Poder que não existe
O poder paralelo está instituído! Mentira. Criou-se, na verdade, mitos do mundo da criminalidade para justificar incompetências, cujo resultado mais danoso é a impunidade que transforma bandidos em ídolos. Fernandinho Beira-Mar, o mais recente e, portanto, em moda, talvez não passe de um braço direito de outro braço direito, que por sua vez escore tantos outros, a ponto da identidade do verdadeiro dono do tráfico de drogas ser desconhecido pelo próprio Beira-Mar.

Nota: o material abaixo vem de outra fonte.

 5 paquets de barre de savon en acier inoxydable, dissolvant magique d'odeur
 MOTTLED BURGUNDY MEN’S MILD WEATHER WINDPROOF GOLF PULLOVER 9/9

Mas parte da polícia e do sistema penitenciário brasileiro, provavelmente estimulada por grupos que defendem interesses contrários ao da nação e que agrupam alguns políticos, um tanto de representantes do Judiciário e, por infeliz extensão, até segmento dos meios de comunicação, decidiu fazer de Fernandinho Beira-Mar uma espécie de todo poderoso que, mesmo enclausurado, comanda o mundo da criminalidade. E se estivesse Beira-Mar neste momento amordaçado, algemado e garantidamente incomunicável, ainda assim teriam a ousadia de dizer que o traficante ordenou a execução de fulano ou de sicrano.
Percebe-se, portanto, que rondam os bastidores de mais esta terrível história os criadores de mitos. São estes que fazem o combate à criminalidade virar espécie de ''reality show'', pois espetáculos costumam virar os olhos da população para onde não estão as respostas para os problemas nacionais, inclusive o do submundo do narcotráfico.
Não há, como se vê, poder paralelo no Brasil. O que faz predominar esta situação é bem o contrário: na verdade, falta decisão política, de forma que o poder oficial, e este é o único que deve prevalecer, assuma o seu papel nas diversas áreas e dê soluções duradouras. Assim deve ser na saúde, na educação, na economia, nos transportes, na segurança pública e em tudo o mais que exige ações do governo.
Pois enquanto o procedimento não for este, outros bandidos surgirão e imputarão a ele não só os crimes, mas também as glórias de soluções que não existem. Mortes e atrocidades se sucederão, justificadas com a conversa de sempre: culpa do poder paralelo. E todos, enfim, se darão ao direito de criar o seu próprio poder paralelo, este que não existe e é o culpado de tudo.